LGMEMLJun 22, 2024

Learning When the Concept Shifts: Confounding, Invariance, and Dimension Reduction

arXiv:2406.15904v1
Originality Incremental advance
AI Analysis

This addresses domain adaptation for practitioners using observational data, but it is incremental as it builds on existing causal and invariance frameworks.

The paper tackles the problem of domain adaptation with observational data when unobserved confounding causes distribution shifts, proposing a representation learning method that finds invariant linear subspaces to improve target prediction. The method achieves a nearly ideal gap between target and source risk and is validated on three real-world datasets.

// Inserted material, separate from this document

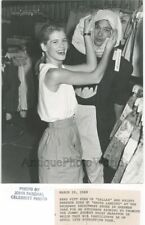 Actors Brad Pitt Kristy Swanson in dressing room funny vintage photo picture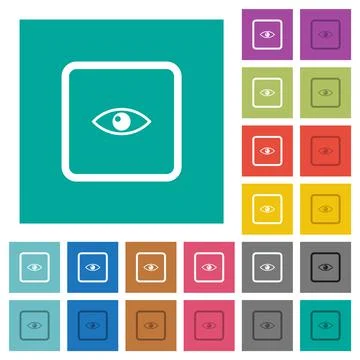 Preview object square flat multi colored icons Stock Illustration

Practitioners often deploy a learned prediction model in a new environment where the joint distribution of covariate and response has shifted. In observational data, the distribution shift is often driven by unobserved confounding factors lurking in the environment, with the underlying mechanism unknown. Confounding can obfuscate the definition of the best prediction model (concept shift) and shift covariates to domains yet unseen (covariate shift). Therefore, a model maximizing prediction accuracy in the source environment could suffer a significant accuracy drop in the target environment. This motivates us to study the domain adaptation problem with observational data: given labeled covariate and response pairs from a source environment, and unlabeled covariates from a target environment, how can one predict the missing target response reliably? We root the adaptation problem in a linear structural causal model to address endogeneity and unobserved confounding. We study the necessity and benefit of leveraging exogenous, invariant covariate representations to cure concept shifts and improve target prediction. This further motivates a new representation learning method for adaptation that optimizes for a lower-dimensional linear subspace and, subsequently, a prediction model confined to that subspace. The procedure operates on a non-convex objective-that naturally interpolates between predictability and stability/invariance-constrained on the Stiefel manifold. We study the optimization landscape and prove that, when the regularization is sufficient, nearly all local optima align with an invariant linear subspace resilient to both concept and covariate shift. In terms of predictability, we show a model that uses the learned lower-dimensional subspace can incur a nearly ideal gap between target and source risk. Three real-world data sets are investigated to validate our method and theory.